While reading through the material below, copy each line that holds the word "Rose".

DATA PROVIDED START

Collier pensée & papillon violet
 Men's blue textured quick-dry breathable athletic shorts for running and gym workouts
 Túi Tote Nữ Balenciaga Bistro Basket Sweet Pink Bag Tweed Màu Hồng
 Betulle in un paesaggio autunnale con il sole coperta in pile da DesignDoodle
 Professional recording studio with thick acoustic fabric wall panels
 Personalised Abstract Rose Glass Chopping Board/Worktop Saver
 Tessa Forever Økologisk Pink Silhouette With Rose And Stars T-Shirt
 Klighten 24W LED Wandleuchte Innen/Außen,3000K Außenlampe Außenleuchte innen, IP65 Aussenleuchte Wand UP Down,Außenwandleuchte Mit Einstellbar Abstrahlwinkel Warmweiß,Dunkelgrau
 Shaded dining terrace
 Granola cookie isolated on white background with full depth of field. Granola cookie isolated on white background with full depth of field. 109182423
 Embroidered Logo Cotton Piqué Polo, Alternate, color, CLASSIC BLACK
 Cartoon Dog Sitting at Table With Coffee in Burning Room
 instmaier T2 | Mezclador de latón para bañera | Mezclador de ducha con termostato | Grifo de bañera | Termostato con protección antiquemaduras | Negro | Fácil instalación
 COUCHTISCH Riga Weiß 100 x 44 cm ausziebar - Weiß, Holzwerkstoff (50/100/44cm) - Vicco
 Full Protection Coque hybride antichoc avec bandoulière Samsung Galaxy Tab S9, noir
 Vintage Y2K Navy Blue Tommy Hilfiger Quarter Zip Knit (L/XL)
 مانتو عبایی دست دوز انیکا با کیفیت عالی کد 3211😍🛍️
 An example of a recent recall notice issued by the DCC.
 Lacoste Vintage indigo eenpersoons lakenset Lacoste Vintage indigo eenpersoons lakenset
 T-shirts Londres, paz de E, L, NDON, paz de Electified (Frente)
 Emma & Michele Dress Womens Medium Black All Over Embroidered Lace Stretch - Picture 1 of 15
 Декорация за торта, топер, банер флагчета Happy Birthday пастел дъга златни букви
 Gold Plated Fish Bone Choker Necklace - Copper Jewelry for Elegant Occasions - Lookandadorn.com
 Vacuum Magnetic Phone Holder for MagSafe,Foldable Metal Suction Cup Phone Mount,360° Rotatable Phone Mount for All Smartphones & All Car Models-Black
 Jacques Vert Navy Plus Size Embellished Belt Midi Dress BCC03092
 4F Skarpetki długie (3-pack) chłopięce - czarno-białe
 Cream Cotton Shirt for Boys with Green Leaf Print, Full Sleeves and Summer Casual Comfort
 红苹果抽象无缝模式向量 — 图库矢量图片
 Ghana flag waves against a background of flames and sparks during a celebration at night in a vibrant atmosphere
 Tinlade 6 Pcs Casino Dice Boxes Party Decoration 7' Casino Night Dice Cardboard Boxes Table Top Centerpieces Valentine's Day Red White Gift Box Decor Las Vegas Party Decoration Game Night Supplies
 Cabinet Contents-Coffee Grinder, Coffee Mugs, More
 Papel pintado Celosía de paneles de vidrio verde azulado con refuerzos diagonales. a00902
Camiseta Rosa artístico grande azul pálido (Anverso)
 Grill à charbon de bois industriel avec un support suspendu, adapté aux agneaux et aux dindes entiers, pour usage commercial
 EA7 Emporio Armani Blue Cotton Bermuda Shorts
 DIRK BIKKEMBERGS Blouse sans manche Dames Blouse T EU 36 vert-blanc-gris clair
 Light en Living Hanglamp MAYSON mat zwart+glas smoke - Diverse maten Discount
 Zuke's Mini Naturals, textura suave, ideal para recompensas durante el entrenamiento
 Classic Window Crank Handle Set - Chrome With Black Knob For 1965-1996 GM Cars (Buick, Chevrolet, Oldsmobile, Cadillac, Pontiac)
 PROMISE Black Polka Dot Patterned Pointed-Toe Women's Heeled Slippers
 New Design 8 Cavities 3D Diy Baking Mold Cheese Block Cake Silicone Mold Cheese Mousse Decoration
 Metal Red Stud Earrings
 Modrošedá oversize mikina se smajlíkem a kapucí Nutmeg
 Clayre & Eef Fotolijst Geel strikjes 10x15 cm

DATA PROVIDED END

*RESPONSE TO THE EXERCISE:*
 Personalised Abstract Rose Glass Chopping Board/Worktop Saver
 Tessa Forever Økologisk Pink Silhouette With Rose And Stars T-Shirt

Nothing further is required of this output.